At the same time — and this is where smart plastics comes into play — the energy chain must of course be protected. It runs around the clock, outdoors, where obstacles can occur at any time. The goal is to provide the best possible protection for the energy chain and the system, and we ensure the necessary safety with push/pull force monitoring.
The energy chain is also something you don’t intuitively picture that well. To me it was almost like tank tracks with hoses built in. How would you describe it, Manuel?
Manuel
An energy chain is essentially a moving cable and hose guidance system. You can guide cables, hoses, and all kinds of media within it. The media have a defined installation space, are always guided with the same bending radius, and are therefore protected. Some describe it as a moving cable duct. That sounds very simple, but there’s actually a lot of know-how behind it.
It also looks impressive. Richard, from your perspective: where else do you use something like this? What industries, areas, and use cases are typical for energy chains?
Richard
Anywhere electricity, water, data, and other media have to be routed to moving parts in a motion that isn’t endless. Many people know it from driving into a car wash: there’s a portal that moves above you, and the lines are guided to the moving part via an energy chain. A major area is container cranes: in ports, trolleys move back and forth on these large cranes. They have huge electric motors that lift the containers, and those are supplied with electricity. Also in automotive manufacturing, when parts — electric motors, batteries, sheet metal — are transported from one process step to the next, there are portals that do this. In most cases, these are linear movements on some kind of rail- or roller-guided system moving back and forth. There is the smallest energy chain with an inner size of three-and-a-half by three-and-a-half millimeters: it’s used in a sports car’s active aerodynamic wing. When that extends about 20 centimeters, the brake light still has to be supplied with power — that’s also an energy chain. The largest has an inner height of 350 millimeters and a travel distance of 300 meters. That’s used in a system that spreads pumped-out sludge from harbor basins over a large field so it can dry. And it goes all the way up to massive coal and fertilizer stockpiling systems — bulk material systems that build huge piles of bulk goods over 700, 800, 900 meters and then remove them again on the other side. These machines also have to be supplied with electricity and data and, in many cases, water.

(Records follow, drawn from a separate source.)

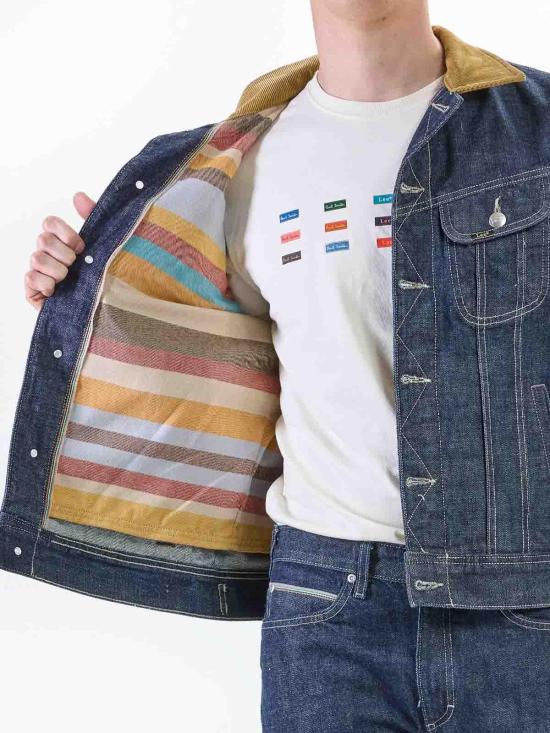  폴 스미스 데님 자켓 M1RSTORMPSELVMD Blue - PAUL SMITH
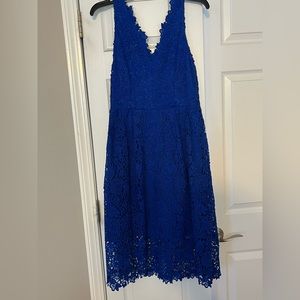 Blue ASTR The Label dress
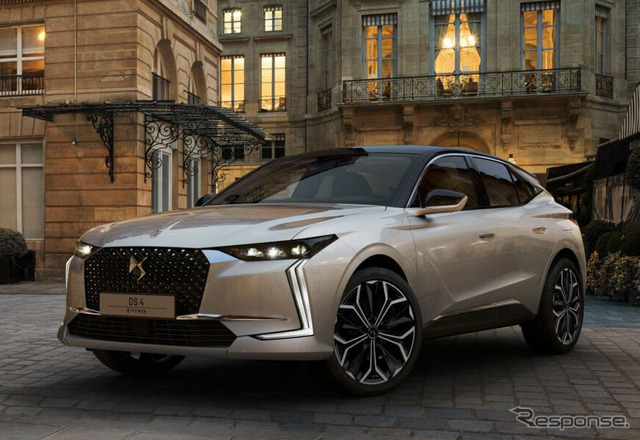 DS 4 E-TENSE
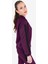 Violet Kadın Fermuarlı Sweatshirt 23N-2122 3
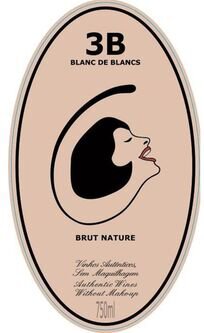 Filipa Pato 3B Blanc de Blancs Brut Nature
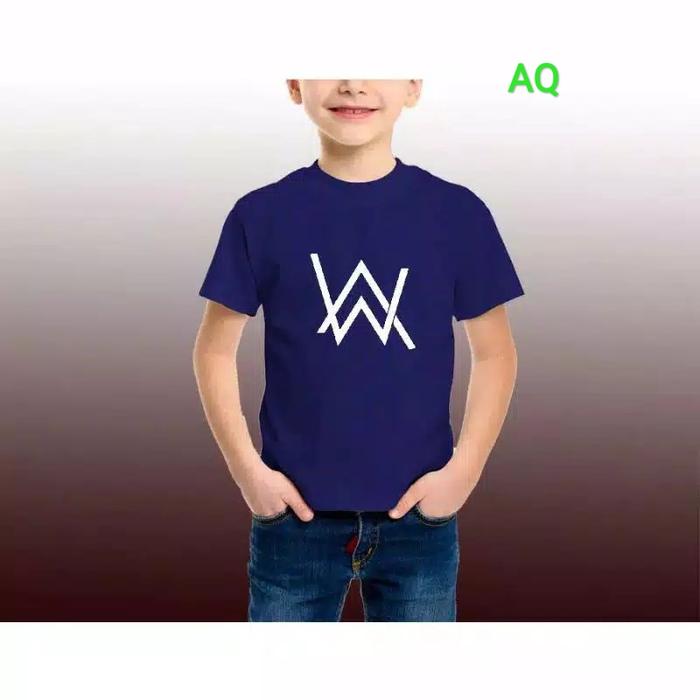 Kaos Anak Alan Walker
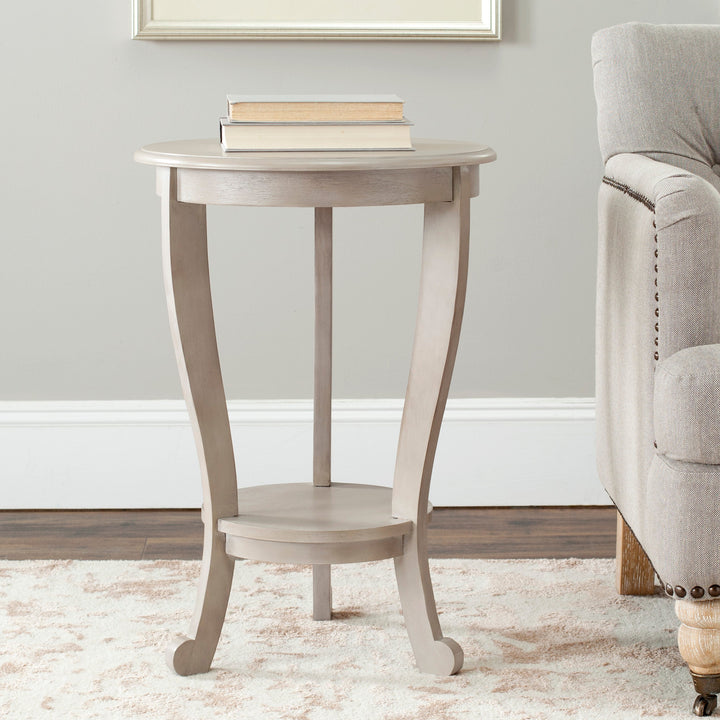 Mary Pedestal Side Table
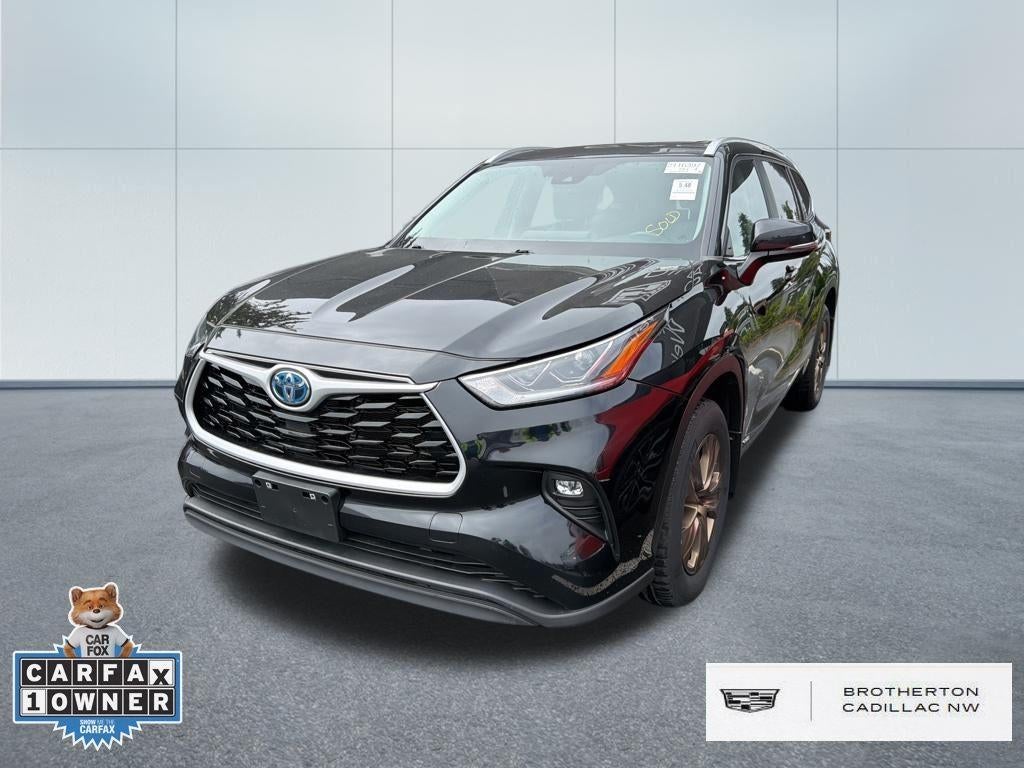 2023 Toyota Highlander Bronze Edition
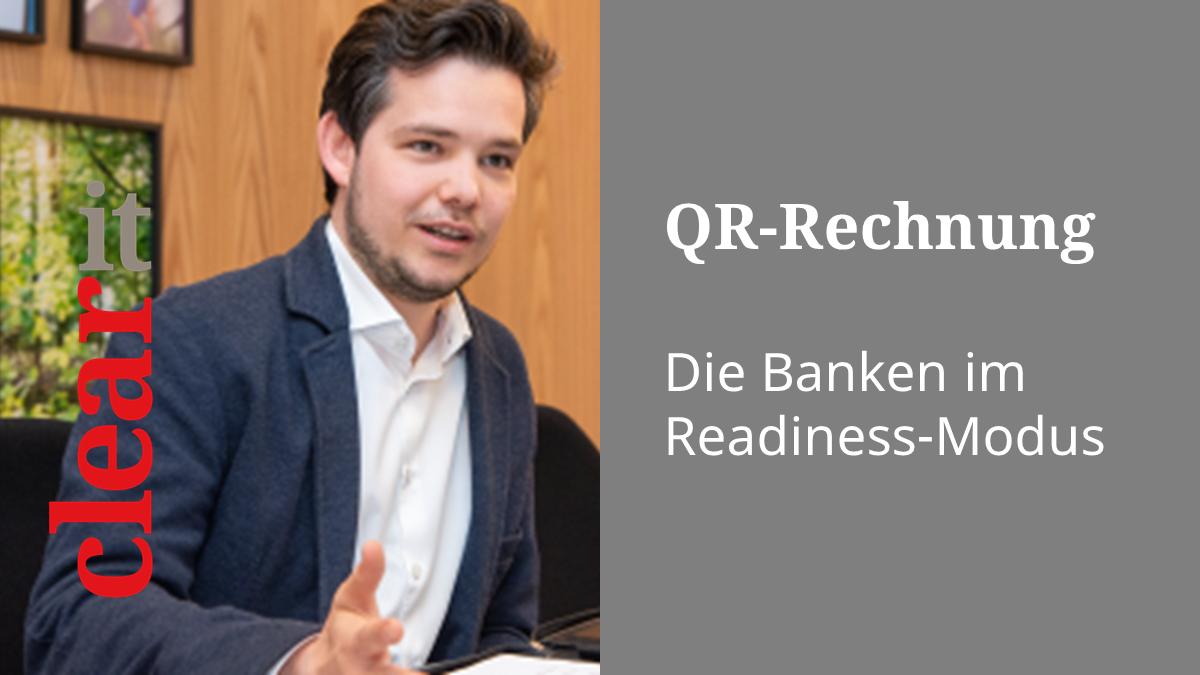 Banken im Readiness-Modus: Thomas Lüthi von der Basler Kantonalbank spricht im Interview mit clearit über Planungs- und Kommunikationsmöglichkeiten der bevorstehenden Einführung der #QRRechnung und über neue Vermarktungsmöglichkeiten. six.swiss/2BwMlJg.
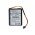 Helyettes�t� gps akku TomTom One V4 AHL03709900 900mAh 3.7V 3.33Wh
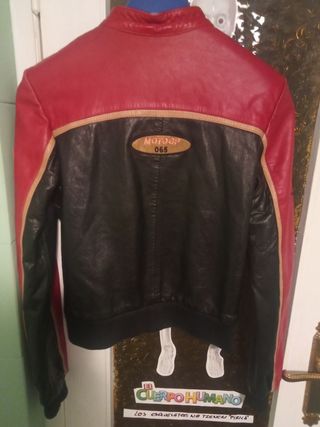 Chaqueta piel vintage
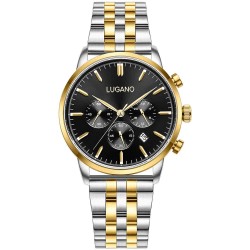 часовник,часовници,lugano,gentleman,l0113,watch,golden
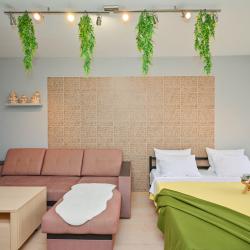 Фото Отель Комфортная 1-комнатная квартира Предмостной для 4-х гостей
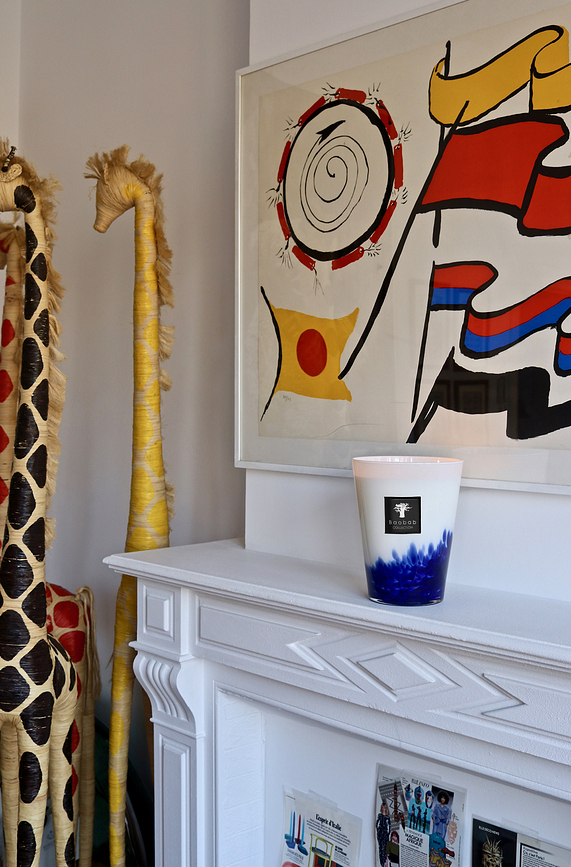 Feathers Touareg Mirisna Svijeća 35 cm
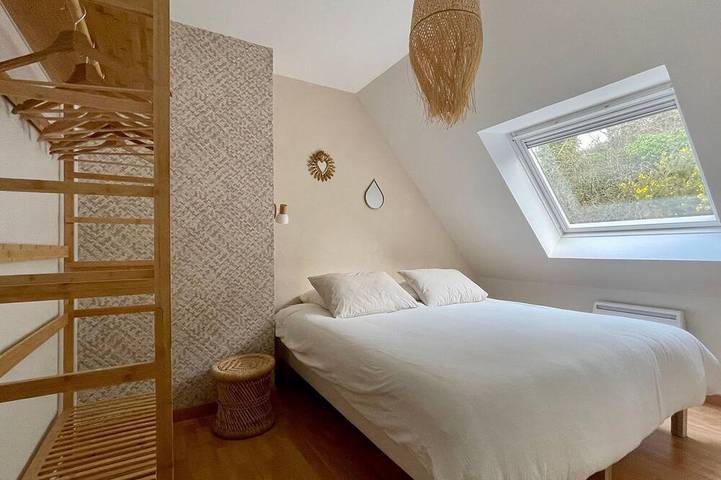 Location de vacances pour 7 personnes, avec terrasse dans Térénez - 4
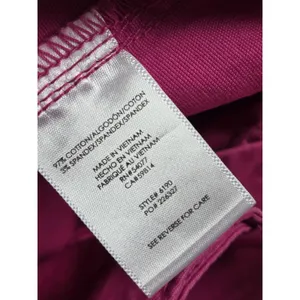 Cabi Canyon Shorts Solid Bright Pink Size 10 Style # 6190 thumbnail 4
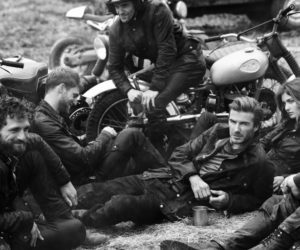 David Beckham for Belstaff Spring-Summer 2014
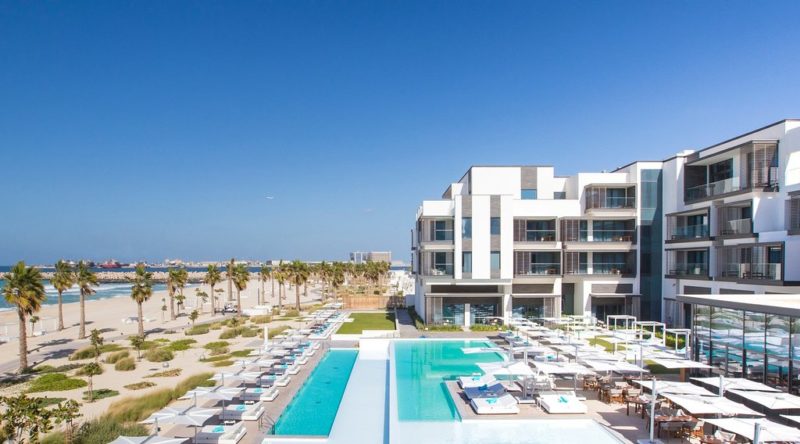Апартаменты с 1 спальней и гостиной Nikki Beach Residences с собственным пляжем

[13:13] Solutions, offerings, and services — a look at the technologies used
Back to horticulture: I find this interplay of different technologies really interesting. You also have a placement robot that has to place everything precisely so the exact irrigation system can hit the right spot. In the direction of smart plastics: what are the next steps there — especially regarding monitoring — and what can actually happen in operation?
Peter
Before that, I’d like to take one step back and say something about the effectiveness of the energy chain. For us, it has to pay off. As Manuel said, the irrigation system used to drag the hoses across the field behind it. The hoses formed an arc — it was even up to 1.5 meters wide. Thanks to the energy chain, we achieve better land utilization of around 9 to 10%. If you look at one hectare, that’s 900 to 1,000 square meters. Across 10 hectares, you’re already gaining a full hectare. That’s very effective. What’s next for our irrigation system? We’re working on converting a conventional irrigation boom into a water-saving irrigation system. There are some ideas that are planned to be implemented in the first months of the new year. Let me go back to our two prototypes. We already achieve major water savings with them. With the older of the two exact irrigation systems — where larger pots are placed — functionality is absolutely proven. With exact irrigation system number two — this 45-meter-wide system that travels a little over 200 meters — smaller pots are placed. Positioning them exactly on point — the pots are only 10 centimeters in diameter — is a challenge. It can’t take long; it has to be fast. For this, we use a placement robot that can place around 5,000 to 5,500 pots per hour. They are almost perfectly positioned. But there are still small indicators that need refinement so that absolute accuracy is achieved.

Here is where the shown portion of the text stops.